|Ph.D Student||Geifman Yonatan|
|Subject||Uncertainty Estimation and its Applications in Deep Neural|
|Department||Department of Computer Science||Supervisor||Professor Ran El-Yaniv|
Deep neural networks (DNNs) have recently shown great success in many machine learning domains and problems. Applying these models for mission critical tasks (e.g., medical analysis, autonomous driving), however, still poses many safety challenges due to prediction uncertainty and prediction errors. We begin this dissertation with a discussion of the problem of uncertainty estimation. We propose a simple and effective algorithm to enhance any existing uncertainty estimation method for DNNs. Our algorithm is based on an observation on the learning dynamics of DNNs along training. These dynamics sometimes forces networks that are optimized for classification to wrongly estimate the uncertainty of points with high confidence. Based on a principle that is similar to early stopping, we reduce this adverse effect by extracting uncertainty estimates from snapshots of the network saved during training before convergence. In this way we are able to enhance all existing uncertainty estimation methods.
We then discuss several applications for uncertainty. First, we review selective prediction (also known as prediction with a reject option), where we propose a tight generalization bound that guarantees the risk over the covered (non rejected) part of the domain. We construct a selective classifier for a pretrained network where we only focus on deriving the selection function. Later on, we propose SelectiveNet, a deep learning architecture that jointly learns both the predictor (classifier or regressor) and the adjoint selection function. We propose a constrained optimization technique to optimize the risk of the non rejected instances with a constraint over the rejection rate. The rejection vs. accuracy tradeoff exhibited by SelectiveNet marks the state-of-the-art.
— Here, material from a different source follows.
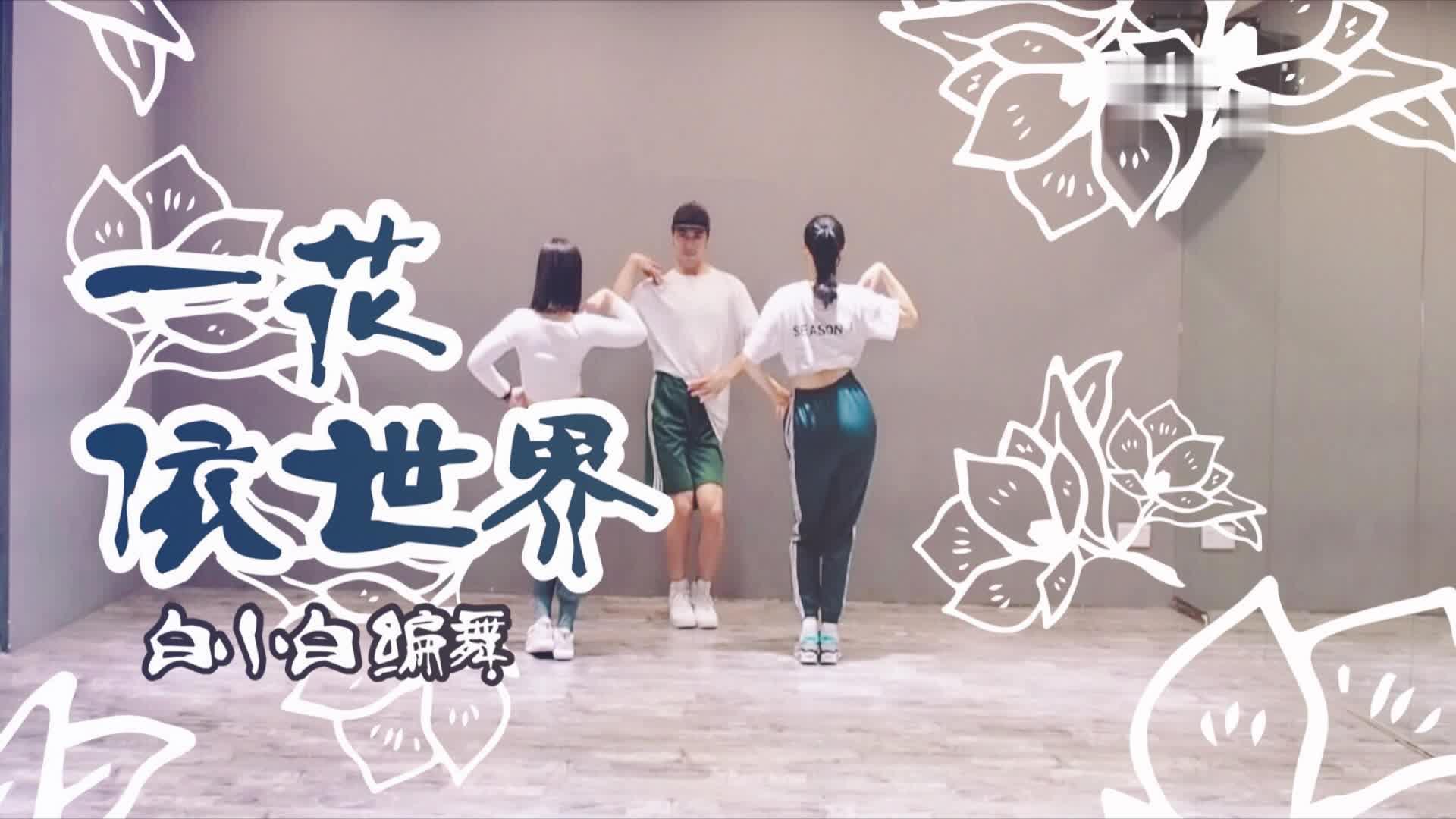 中国风宅舞《一花依世界》练习室版@ts白小白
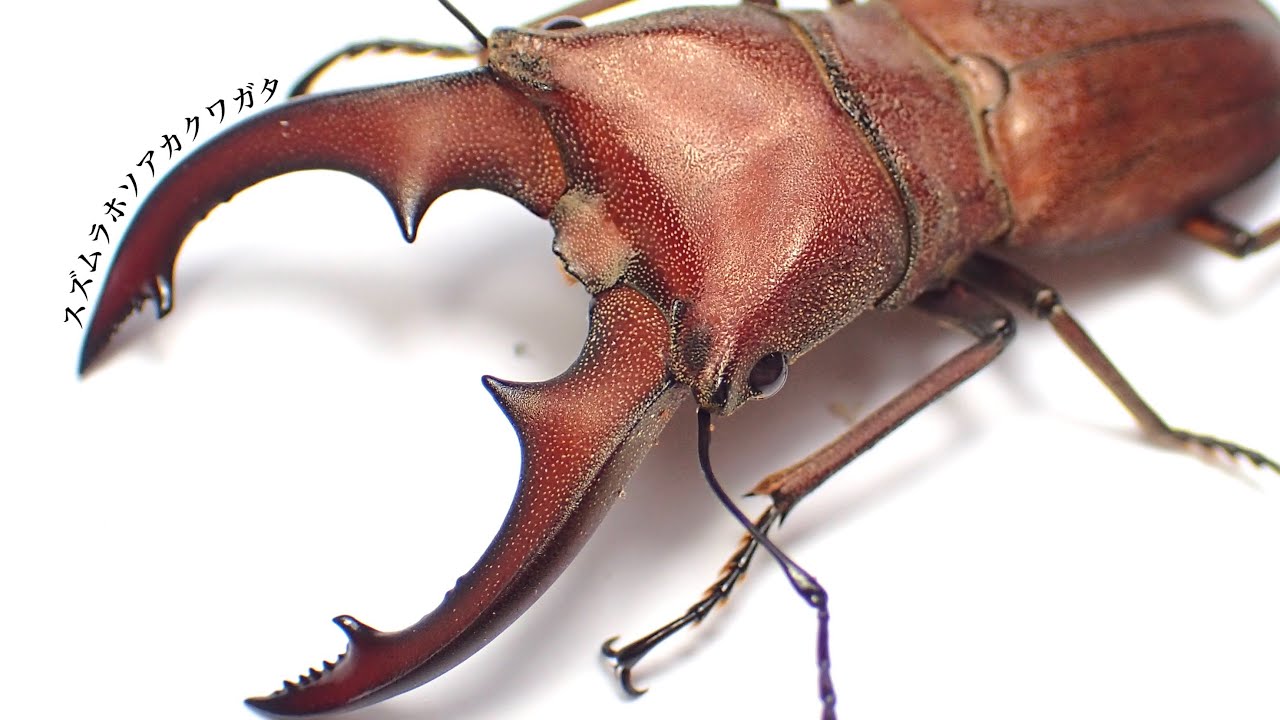 スズムラホソアカクワガタの紹介と産卵セット割り出し結果【クワガタ飼育】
Another striking application of uncertainty is active learning, where it is common to query points to be labeled based on their uncertainty (a.k.a. uncertainty sampling strategy). One of the problems of active learning for deep networks is the architecture and hyperparameter selection. First, we propose the ``long tail'' setting where active learning is performed after passively querying sufficient labels for architecture and hyperparameter selection. Then, we tackle the problem of architecture selection along the active learning process. We show that by incorporating a neural architecture search algorithm during active learning improves the uncertainty estimates and boosts the overall active learning performance. We propose a novel neural architecture search technique that incrementally expands the architectural capacity in accordance with the number of available labeled points. We show how smaller architectures used during early stages of the active learning process reduce overfiting and enhance the quality of the query function used to select the next points to be labeled.